Valuation discrepancies emerged, with Yunlu Yongxin and Yunlu Runxin priced using the income approach (RMB 5.308 billion and RMB 2.93 billion, respectively), resulting in a combined goodwill of RMB 1.099 billion—48.5% of the acquisition cost. Yunlu Yongxin’s low debt ratio (13.5%) and high ROE (21.64%) highlight its quality, whereas Yunlu Runxin’s ROE dipped to 6.74% amid profit declines.
The deal, structured in two payments (80% upfront, 20% post-registration), will bolster Yunnan Aluminum’s net assets by RMB 1.255 billion and goodwill by RMB 1.099 billion, contributing RMB 715 million to net profit (14.02% of 2024 earnings). As CHALCO holds 29.1% of Yunnan Aluminum, consolidated financials will reflect these gains, notably increasing goodwill from RMB 3.495 billion.
Beyond financials, the acquisition resolves intra-group competition, streamlining CHALCO’s focus on aluminum expansion.

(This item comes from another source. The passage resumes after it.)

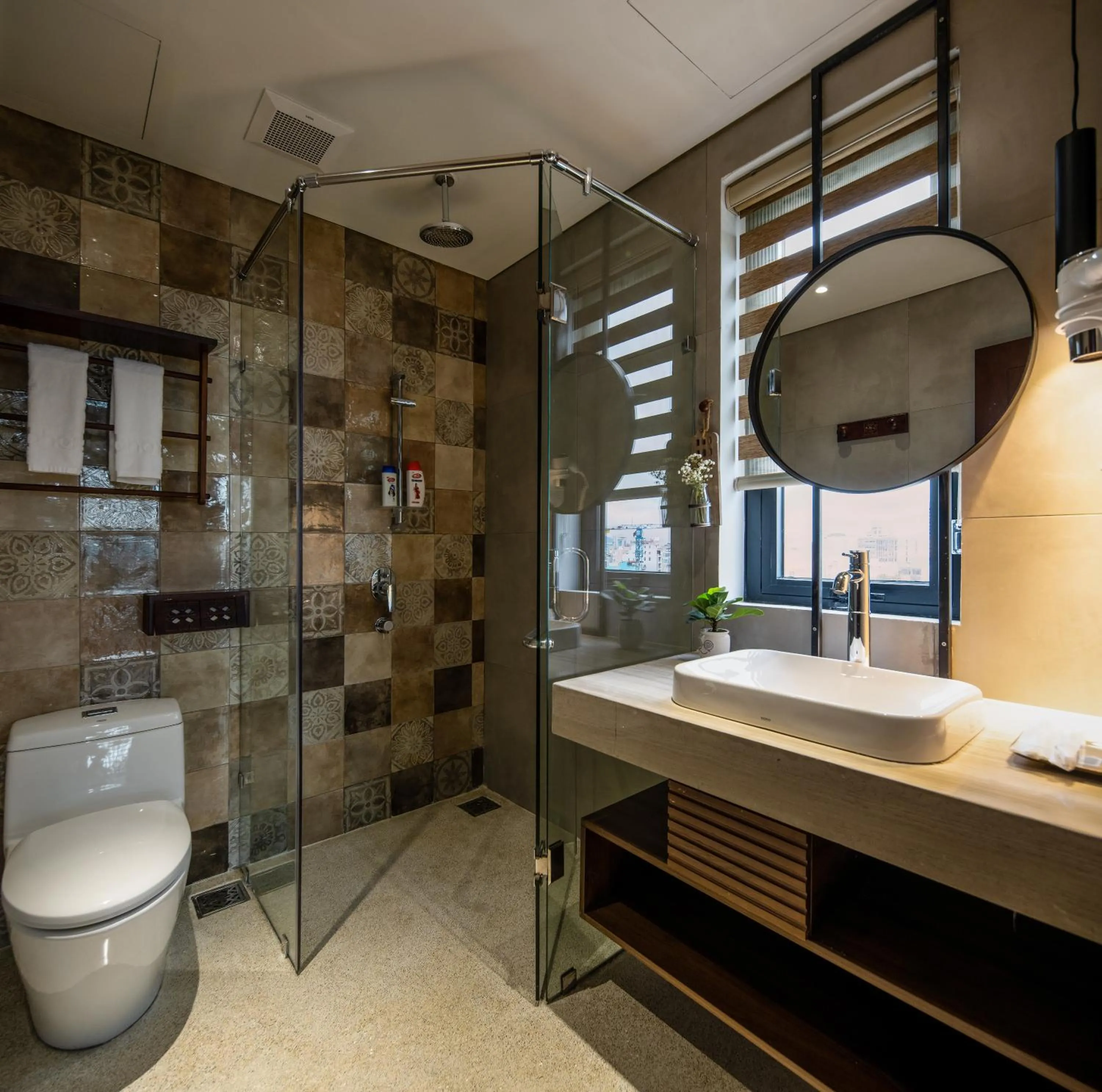 Shower in Seahorse Tropical Da Nang Hotel by Haviland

The company’s diversified portfolio—spanning alumina, electrolytic aluminum, and high-purity aluminum—reinforces its global leadership. Despite revenue growing modestly (1.57% YoY in Q1-Q3 2025), CHALCO’s profitability improved, with net margins rising 4.72 percentage points since 2022 to 6.16%.
CHALCO’s shareholder-friendly approach includes consistent dividends (RMB 9.2 billion since 2021, 21% payout ratio) and institutional backing, evidenced by CITIC Securities’ increased stake (11.04%) and rising港股通 holdings (28.99% as of November 26). Analysts like Goldman Sachs project robust 2025-26 recurring profits (RMB 13.3-14 billion), while Pacific Securities forecasts higher earnings (RMB 14.6-17.7 billion).
With strategic acquisitions, resolved competition, and strong fundamentals, CHALCO’s doubled market cap and 2.7% dividend yield may yet climb further on sustained growth and aluminum price tailwinds.